» Collected material:
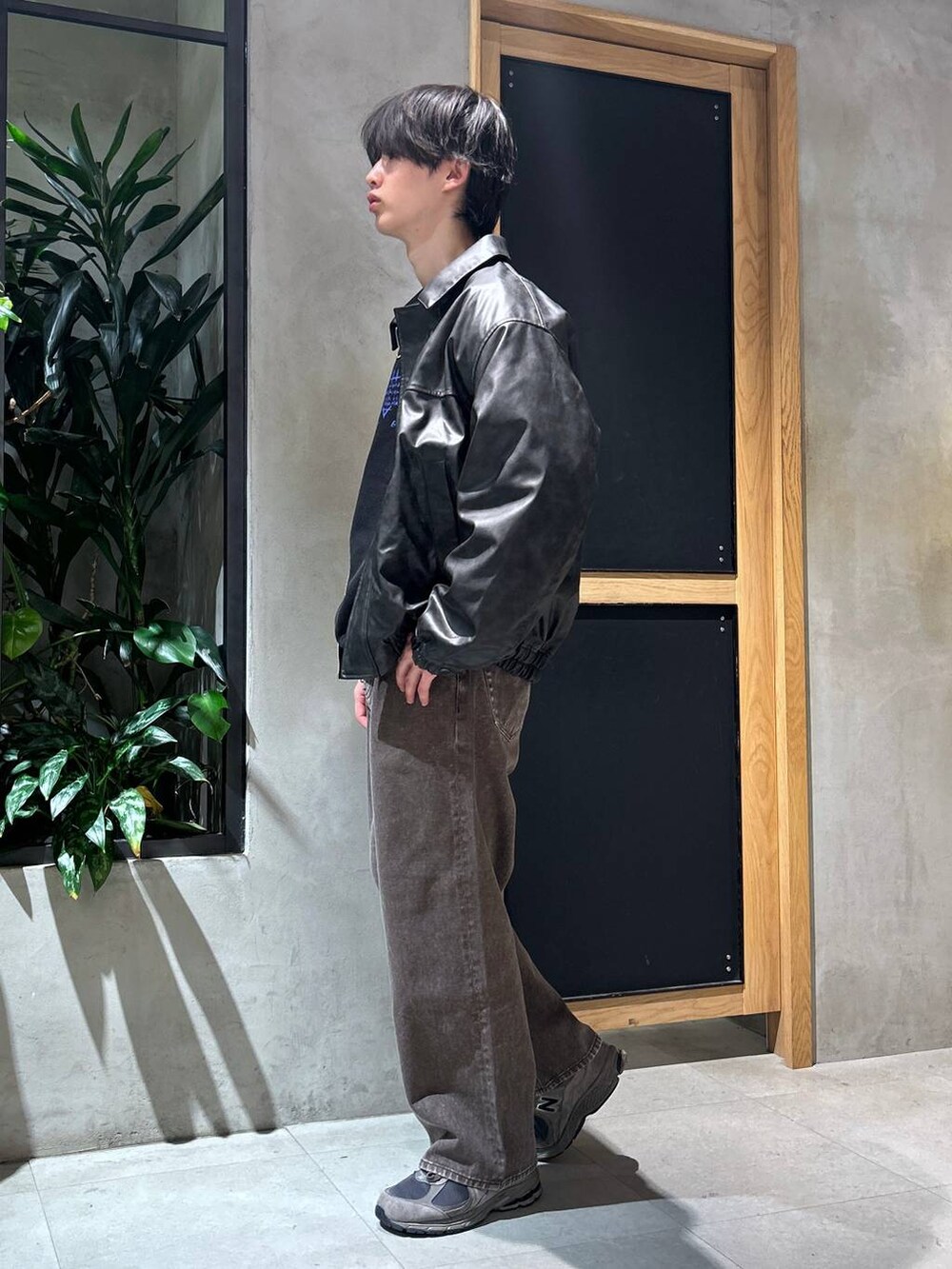 ブラウン系のデニムパンツ、ブラック系のスウェット、ブラック系のブルゾンを着用したメンズの冬コーディネートの7枚目の写真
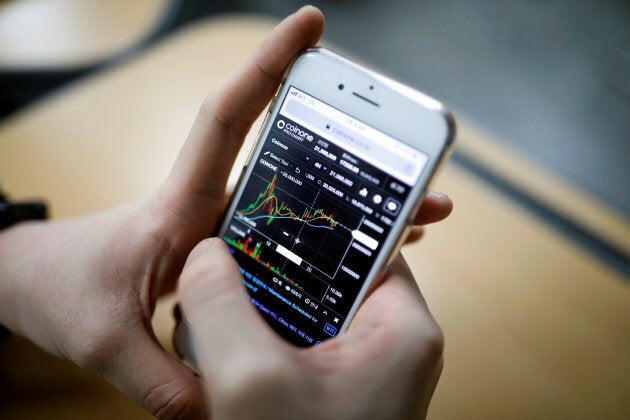 Eoh Kyung-hoon, leader of a club studying cryptocurrencies, checks a chart after a meeting at a university in Seoul Dec. 20, 2017.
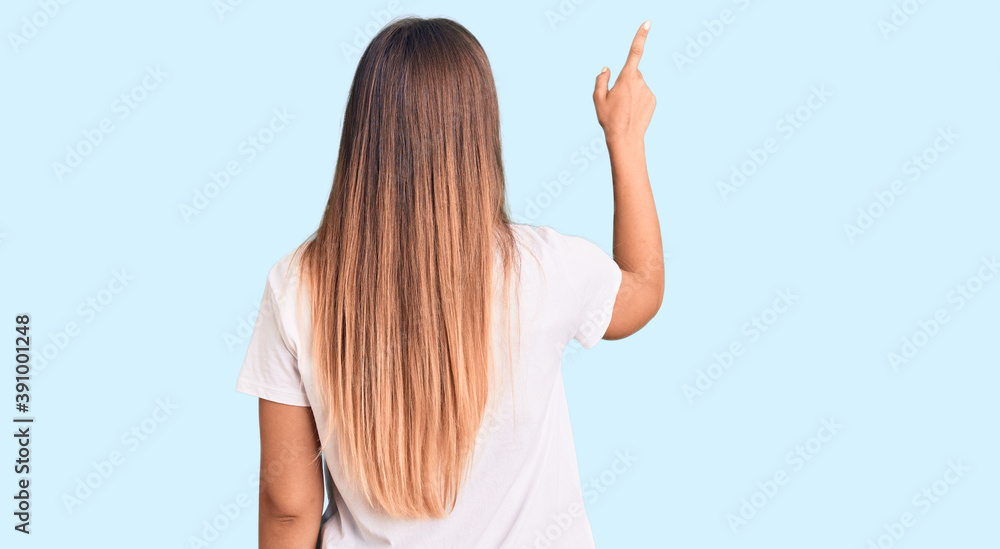 Beautiful caucasian woman wearing casual white tshirt posing backwards pointing ahead with finger hand Beautiful caucasian woman wearing casual white tshirt posing backwards pointing ahead with finger hand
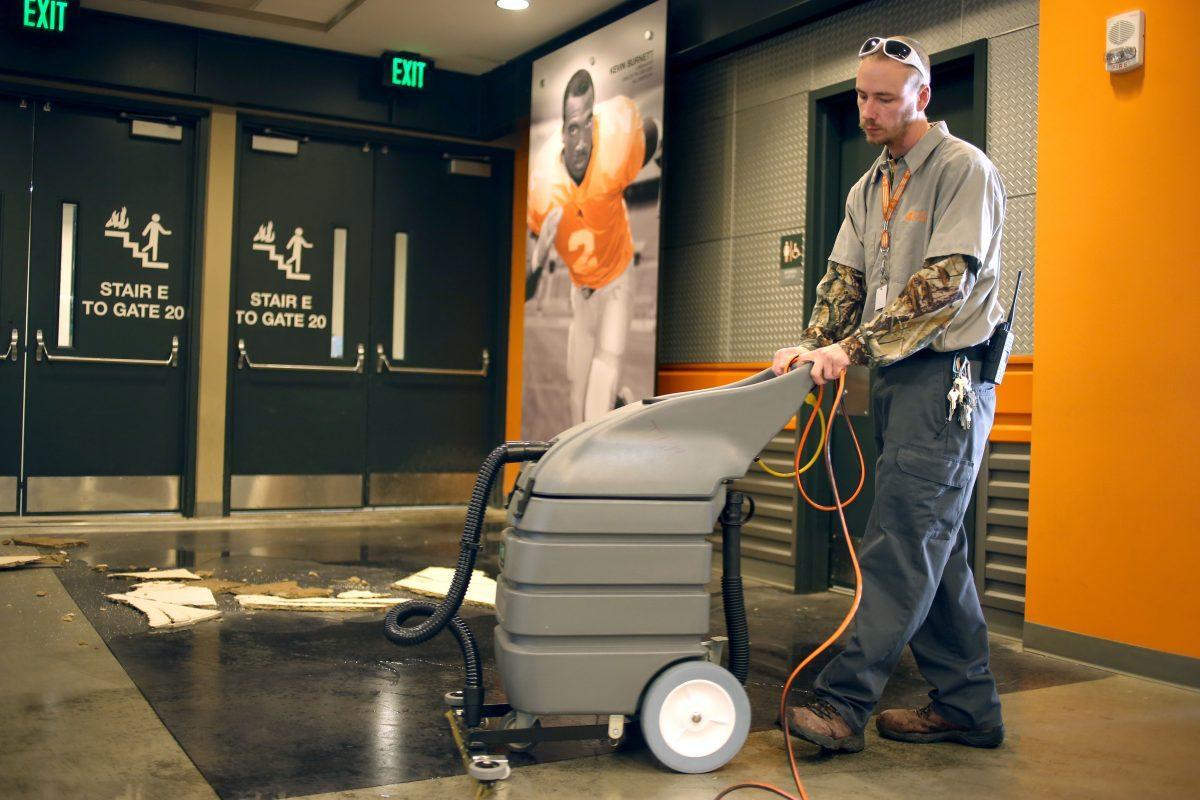 Johnathan Sawyers, a Facilities Services worker in the athletic department, cleans the floors inside Neyland Stadium on Thursday after several pipes burst and left puddles of standing water.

» Problem details: Only one part of the material above is wanted: the lines from the one with "Eoh Kyung-hoon, leader" up to and including the one with "finger hand Beautiful". Please copy them exactly, pictures left out.

» Completed exercise:
 Eoh Kyung-hoon, leader of a club studying cryptocurrencies, checks a chart after a meeting at a university in Seoul Dec. 20, 2017.
 Beautiful caucasian woman wearing casual white tshirt posing backwards pointing ahead with finger hand Beautiful caucasian woman wearing casual white tshirt posing backwards pointing ahead with finger hand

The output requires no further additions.